### EXCERPTED DATA
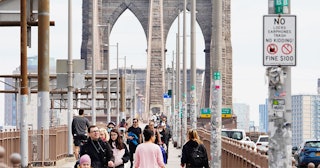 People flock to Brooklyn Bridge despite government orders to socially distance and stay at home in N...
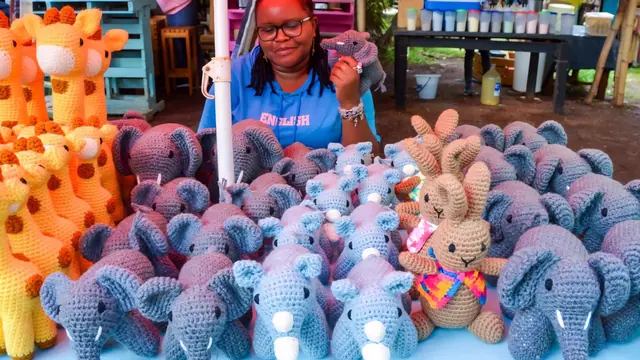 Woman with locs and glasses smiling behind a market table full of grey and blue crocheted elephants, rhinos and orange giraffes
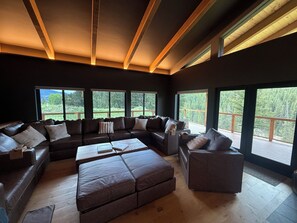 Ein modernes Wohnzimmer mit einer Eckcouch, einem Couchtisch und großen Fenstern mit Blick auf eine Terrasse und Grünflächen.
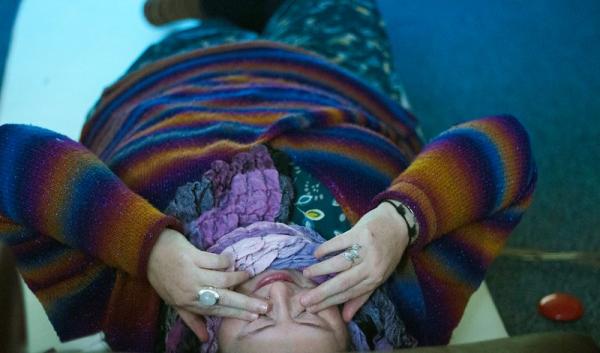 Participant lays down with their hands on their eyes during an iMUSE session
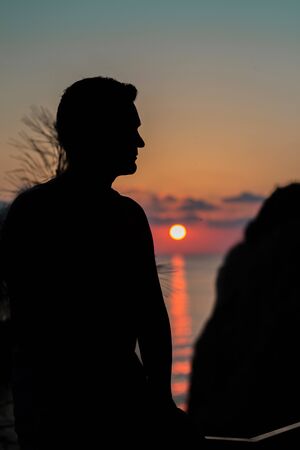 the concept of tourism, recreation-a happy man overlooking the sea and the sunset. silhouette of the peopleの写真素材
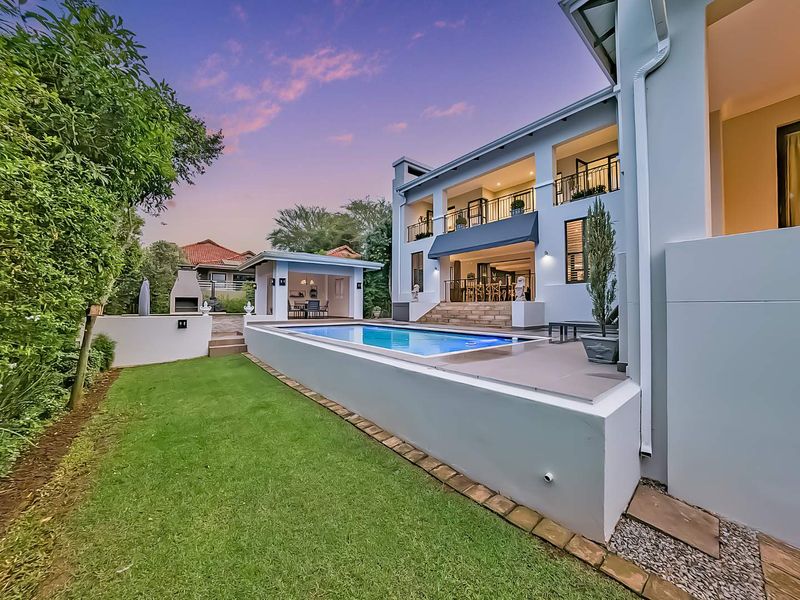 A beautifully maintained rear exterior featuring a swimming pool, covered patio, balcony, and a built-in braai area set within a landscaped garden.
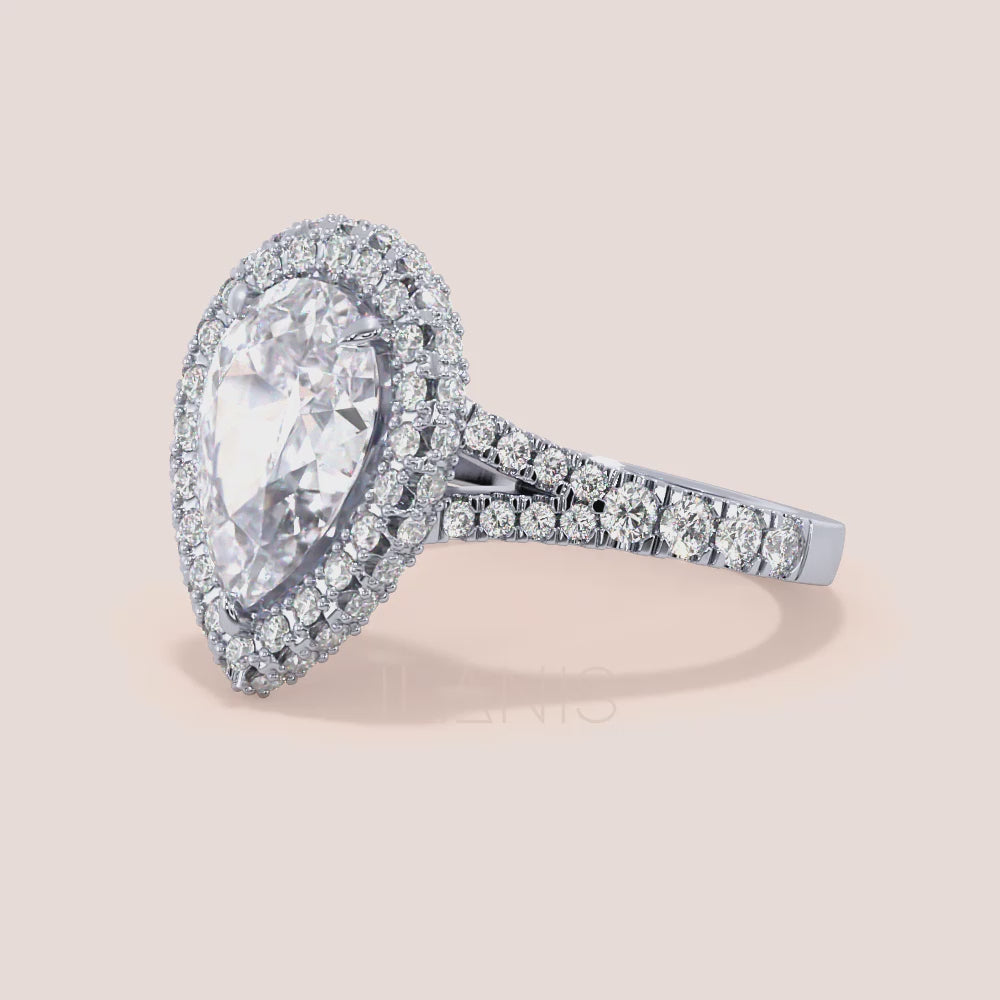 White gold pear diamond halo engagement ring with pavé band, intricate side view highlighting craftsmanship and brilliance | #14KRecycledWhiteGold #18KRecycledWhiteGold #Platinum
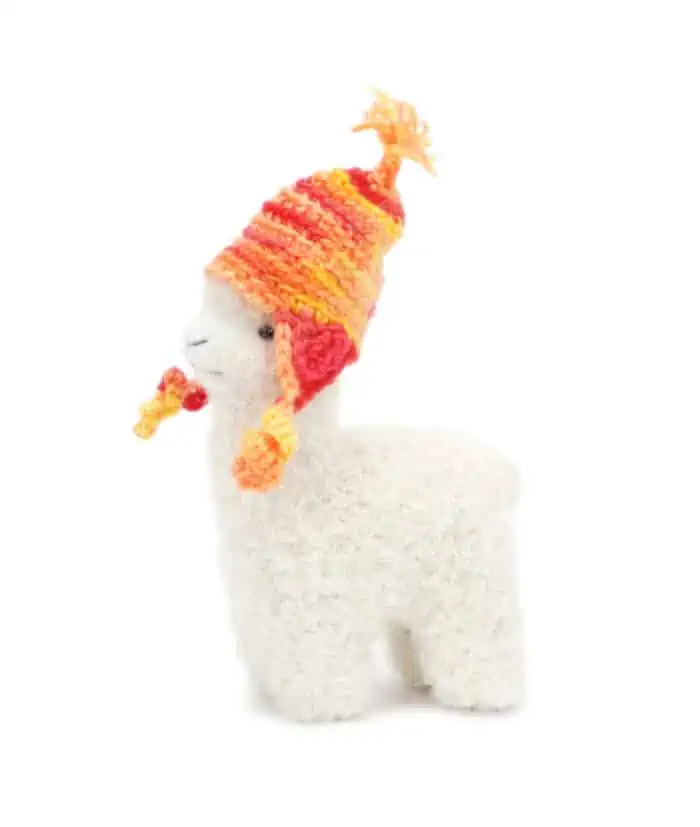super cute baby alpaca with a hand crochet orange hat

### TASK
Since the copy must exclude the pictures, transcribe only the text of the records, word for word.

### RESPONSE
 People flock to Brooklyn Bridge despite government orders to socially distance and stay at home in N...
 Woman with locs and glasses smiling behind a market table full of grey and blue crocheted elephants, rhinos and orange giraffes
 Ein modernes Wohnzimmer mit einer Eckcouch, einem Couchtisch und großen Fenstern mit Blick auf eine Terrasse und Grünflächen.
 Participant lays down with their hands on their eyes during an iMUSE session
 the concept of tourism, recreation-a happy man overlooking the sea and the sunset. silhouette of the peopleの写真素材
 A beautifully maintained rear exterior featuring a swimming pool, covered patio, balcony, and a built-in braai area set within a landscaped garden.
 White gold pear diamond halo engagement ring with pavé band, intricate side view highlighting craftsmanship and brilliance | #14KRecycledWhiteGold #18KRecycledWhiteGold #Platinum
super cute baby alpaca with a hand crochet orange hat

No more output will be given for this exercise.